Moreover, Japan and India joined hands to launch Asia-Africa Growth Corridor (AFGC) as an alternative to BRI. Therefore, AFGC is of special significance to Pakistan, as Pakistan is home to CPEC, a flagship project of BRI.

How should Pakistan proceed? There are two options to make “Engage Africa Policy” a success. Pakistan must overcome its rhetoric and try to sign economic and trade agreements with African countries. It is suggested Pakistan should prioritise agreements with BRI-affiliated countries. It can also explore options to sign a trade or cooperation agreement with African Union under the initiative of African Continental Free Trade Area (a 1.2 billion people market with more than $3 trillion GDP).

Moreover, Pakistan should try to map the commodities or products it exports to a particular country via a third country. After mapping, it should contact the importing countries to explore options for signing direct agreements.

Pakistan should work closely with China and find ways to partner with it in different initiatives. In recent times, China has expanded its footprint with quite impressive speed. It has a broader network of embassies and has established 53 embassies in Africa. Moreover, from 2000 to 2022, Chinese institutions extended $134.1 billion in loans and development assistance to African countries.

It is important to mention assistance was without any lectures or strings. The development assistance helped Africa with its development agenda. China is also the continent’s biggest trade partner, with a total trade value of $282.1 billion in 2023. On the other hand, Africa has shown great interest in joining Belt & Road Initiative. According to latest data, 52 countries and African Union have signed cooperation agreements with BRI.

China is further enhancing its comprehensive partnership with Africa. President Xi proposed ten partnership action plans to strengthen bilateral linkages while delivering a speech at China-Africa Cooperation Cooperation Summit 2024. The action plans cover areas of mutual learning among civilisations, trade prosperity, industrial chain cooperation, connectivity, development cooperation, health, agriculture and livelihoods, people-to-people and cultural exchanges, green development and common security.

President Xi announced China will allocate 360 billion yuan (almost $50 billion) to implement ten partnership actions.
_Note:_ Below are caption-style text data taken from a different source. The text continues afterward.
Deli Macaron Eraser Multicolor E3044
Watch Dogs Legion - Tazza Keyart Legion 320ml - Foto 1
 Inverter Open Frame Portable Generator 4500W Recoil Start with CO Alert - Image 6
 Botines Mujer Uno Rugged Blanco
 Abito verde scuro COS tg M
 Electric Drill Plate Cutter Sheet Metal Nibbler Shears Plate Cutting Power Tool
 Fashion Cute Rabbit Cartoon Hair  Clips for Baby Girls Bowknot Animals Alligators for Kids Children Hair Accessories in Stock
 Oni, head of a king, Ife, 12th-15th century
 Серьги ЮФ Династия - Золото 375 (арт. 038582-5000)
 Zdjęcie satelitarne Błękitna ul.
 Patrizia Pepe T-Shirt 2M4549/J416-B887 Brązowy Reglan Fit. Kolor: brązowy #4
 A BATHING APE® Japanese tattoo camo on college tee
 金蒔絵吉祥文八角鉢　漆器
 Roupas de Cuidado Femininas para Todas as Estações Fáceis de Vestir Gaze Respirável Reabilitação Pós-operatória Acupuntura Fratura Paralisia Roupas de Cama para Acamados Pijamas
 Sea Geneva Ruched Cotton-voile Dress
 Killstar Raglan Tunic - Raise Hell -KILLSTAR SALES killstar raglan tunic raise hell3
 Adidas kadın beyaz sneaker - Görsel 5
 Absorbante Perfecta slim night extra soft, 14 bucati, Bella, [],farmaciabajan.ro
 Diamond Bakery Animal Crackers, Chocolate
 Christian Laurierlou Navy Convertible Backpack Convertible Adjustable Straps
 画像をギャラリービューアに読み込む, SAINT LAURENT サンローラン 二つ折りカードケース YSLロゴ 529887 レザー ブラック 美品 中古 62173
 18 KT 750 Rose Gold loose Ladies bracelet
However, China will work closely with African countries to finalise these actions. This will be done to ensure all programmes under these actions follow the country’s specific interventions.

In this context, Pakistan should build joint programmes with China for African countries. The China-Pakistan Economic Corridor (CPEC) provides us with an opportunity to pursue this. The process can be started by establishing a trilateral special economic zone, “The China-Paksitan-Africa Special Economic Zone at Gwadar”. On similar lines, Pakistan can explore establishing a trilateral special economic zone in Africa.

Pakistan, Africa and China can explore options to declare trilateral sister cities under BRI. It will assist in enhancing cooperation at the lower levels. It will also give a push to people-people exchanges and tourism, especially to youth exchange programmes.

Pakistan can also work with China and Africa under Global Development Initiative to formulate trilateral forums like Agriculture and Heritage, Food Security, Climate Change and Poverty alleviation. Pakistan can also work for creating a “trilateral digital economy” platform under the BRI.

These are a few examples of how Pakistan can explore more options to enhance cooperation further. Pakistan must avoid rhetoric and come up with some concrete proposals and actions like establishing missions in Rwanda (March 2021), Ivory Coast (February 2022), Uganda (April 2022), Djibouti (May 2022) and Ghana (June 2022).